Starting at the line that contains "lot 275 image: Patchwork Quilt #2" and stopping at the line that contains "Cute Blank NYC cutoffs. USA. 4th of July", restate each line of the records below exactly. Omit the pictures.

▶ Stored records
------------------------------------
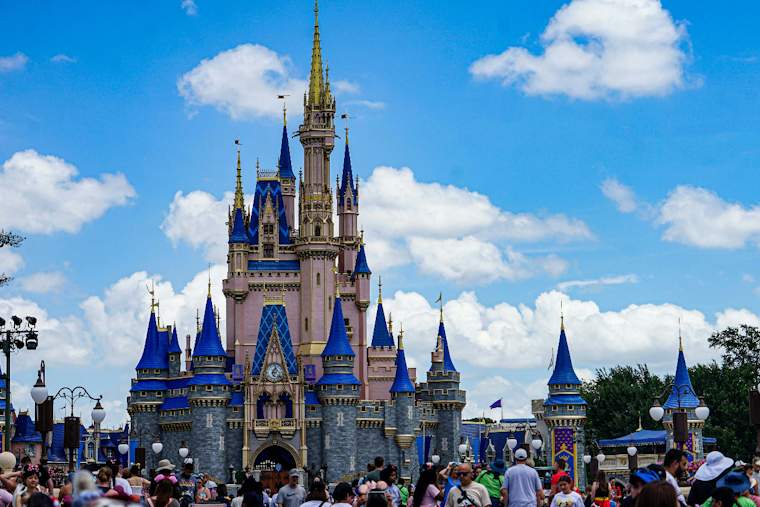 Hollywood Studios Hands Resort Loyalists A Rare Late-Night Ride Frenzy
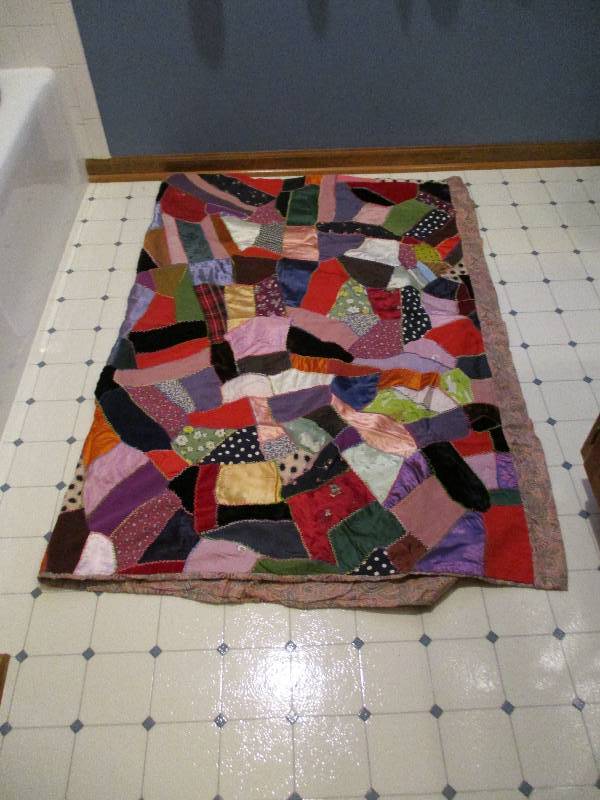 lot 275 image: Patchwork Quilt #2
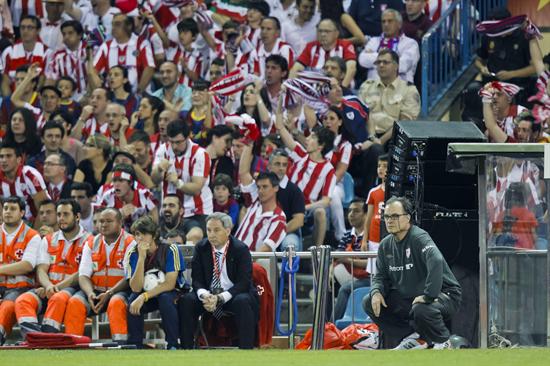 El DT del Athletic Club, el argentino Marcelo Bielsa, en la banda durante la final de la Copa del Rey. Foto: EFE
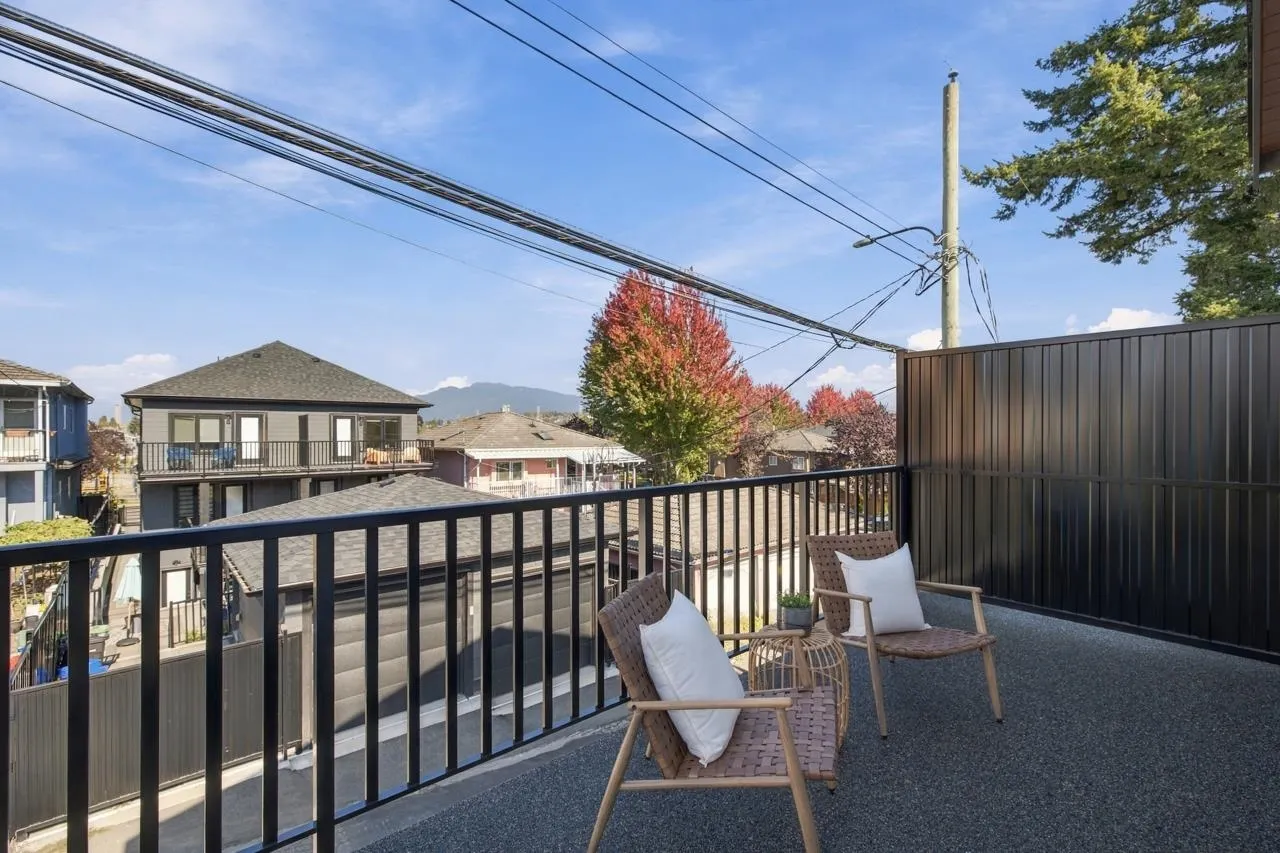 3183 Graveley Street #1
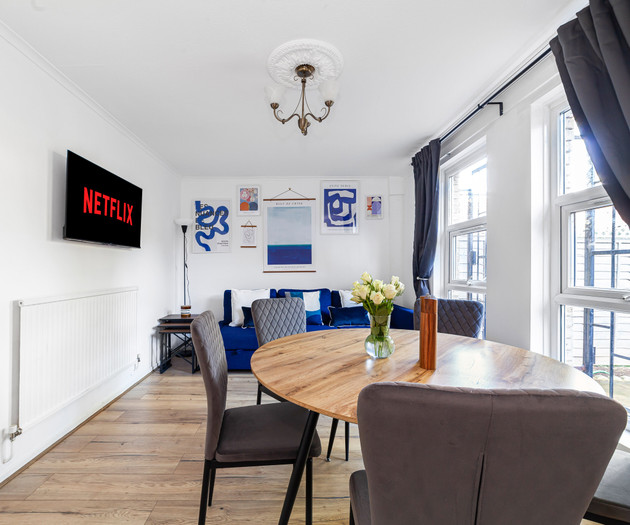 Bright 3 Bed Garden House, Haggerston, Parking
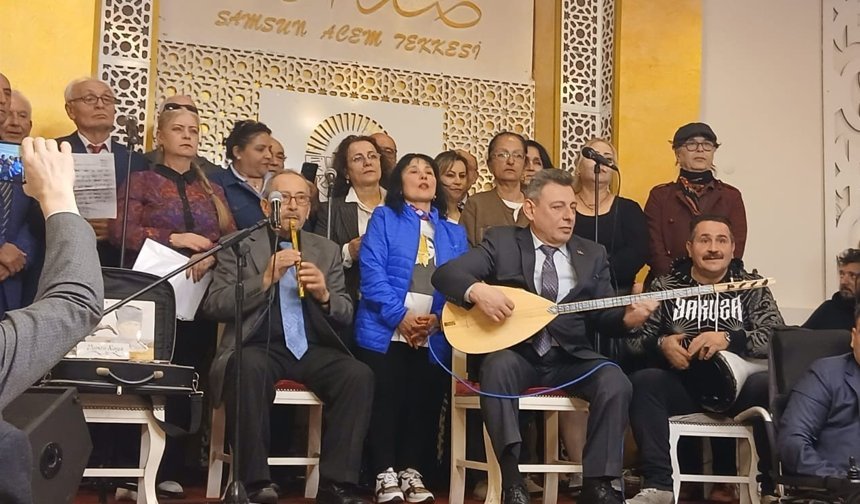 Yazarlar ve Koro Aynı Programda Buluştu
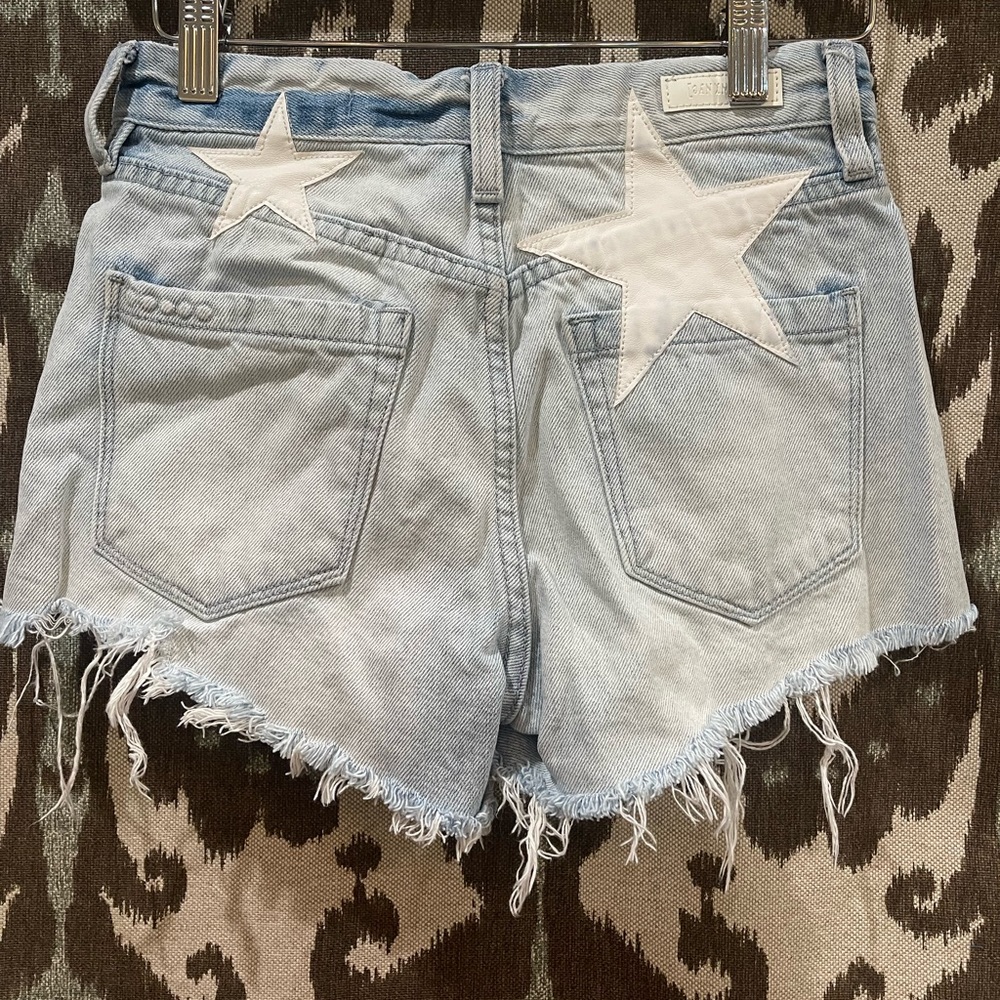 Cute Blank NYC cutoffs. USA. 4th of July
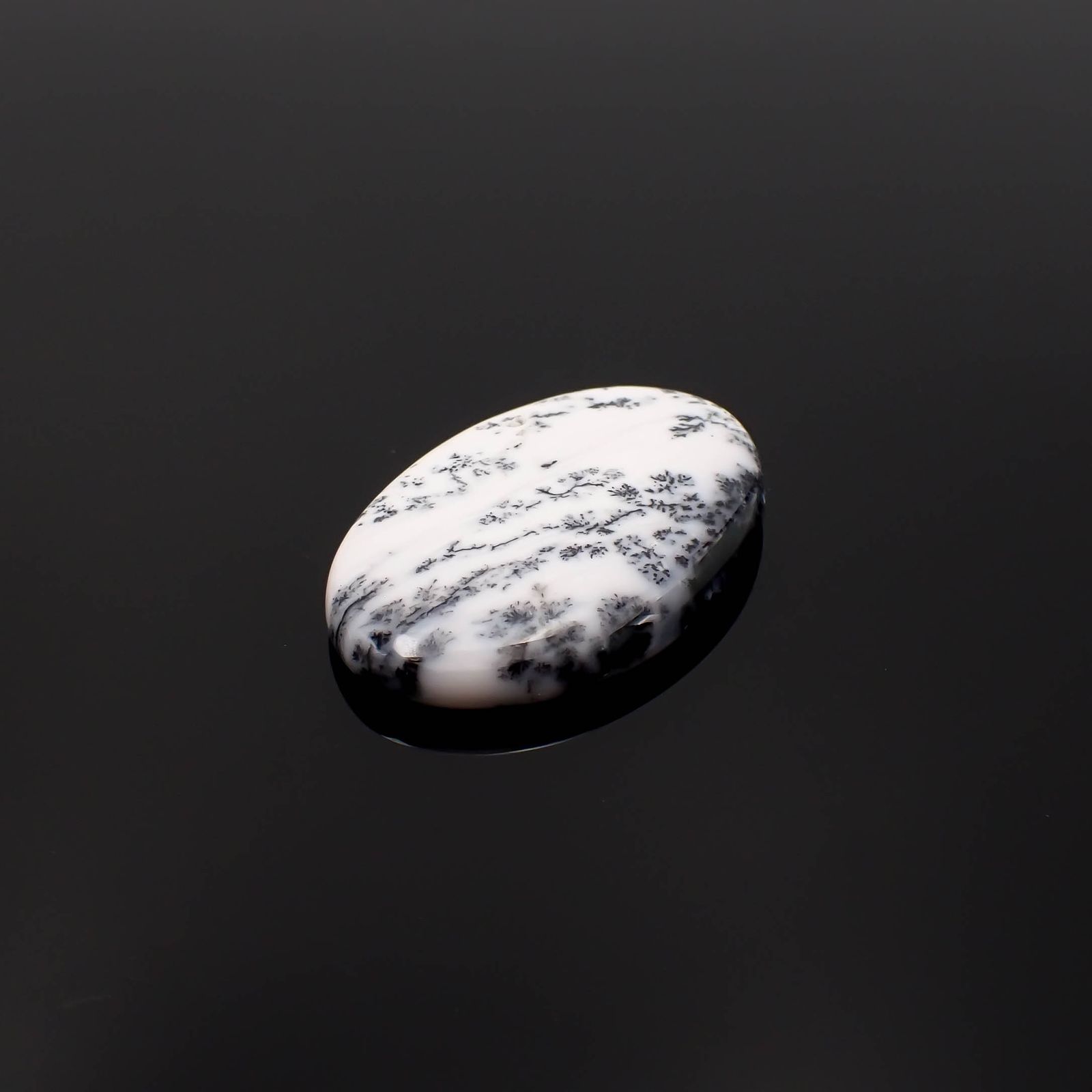 デンドリチックオパール ブラジル産 39.46ct[230722764]37x24.5mm前後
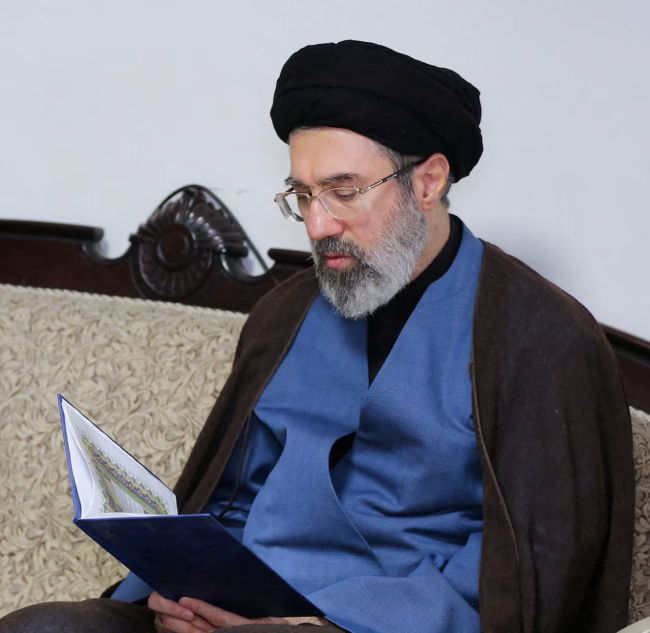 L'Iran se rapproche de la décision concernant le Guide suprême dans un contexte d'intensification des conflits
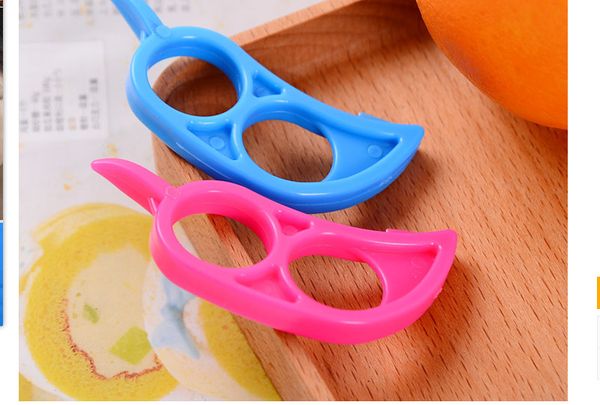200pcs/lot finger held grapefruit lemon orange peeler citrus peel opener kitchen tool
200pcs/lot finger held grapefruit lemon orange peeler citrus peel opener kitchen tool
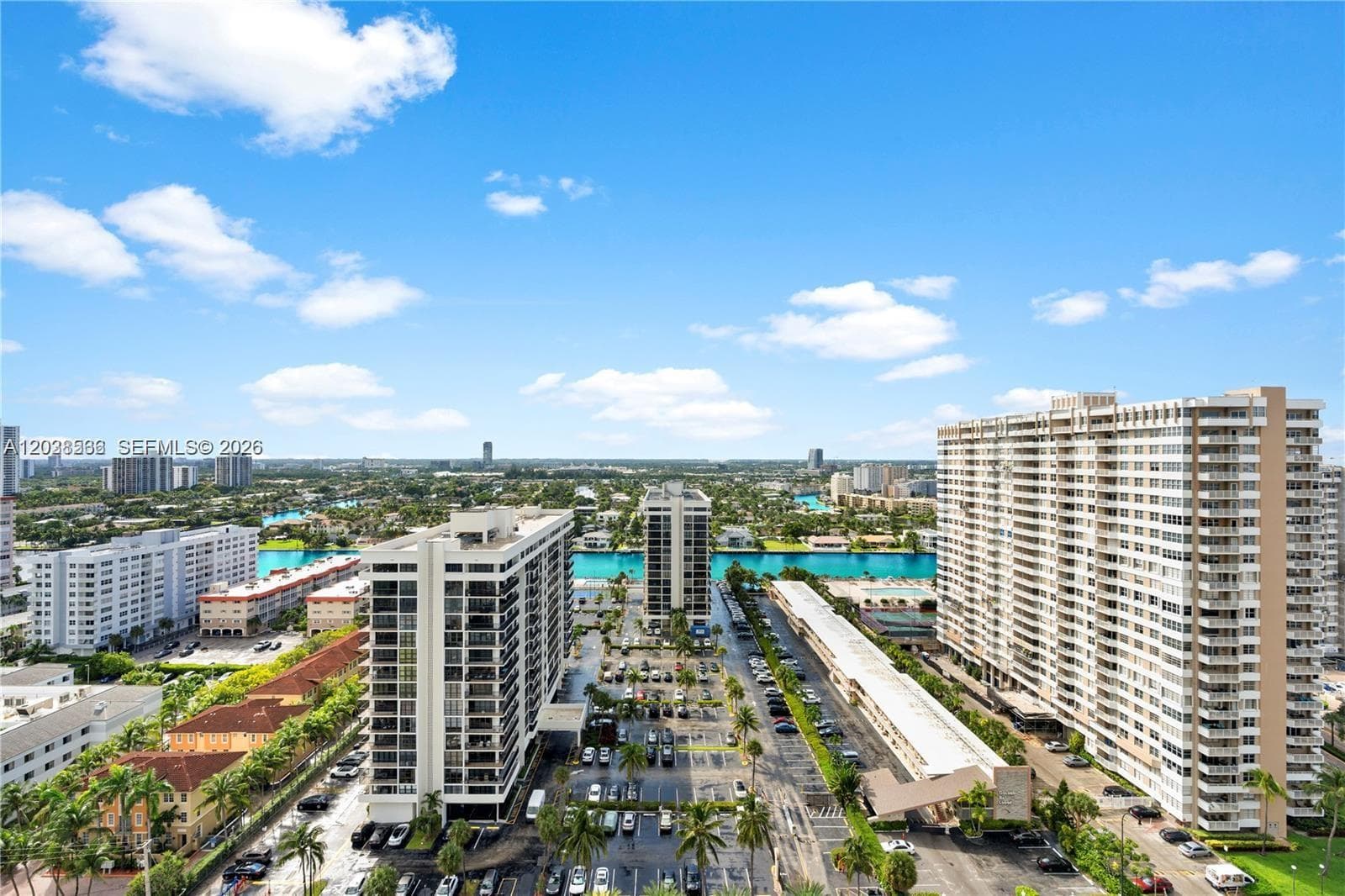 2030 S Ocean Dr 2127 photo 1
------------------------------------
▶ RESULT BELOW
 lot 275 image: Patchwork Quilt #2
 El DT del Athletic Club, el argentino Marcelo Bielsa, en la banda durante la final de la Copa del Rey. Foto: EFE
 3183 Graveley Street #1
 Bright 3 Bed Garden House, Haggerston, Parking
 Yazarlar ve Koro Aynı Programda Buluştu
 Cute Blank NYC cutoffs. USA. 4th of July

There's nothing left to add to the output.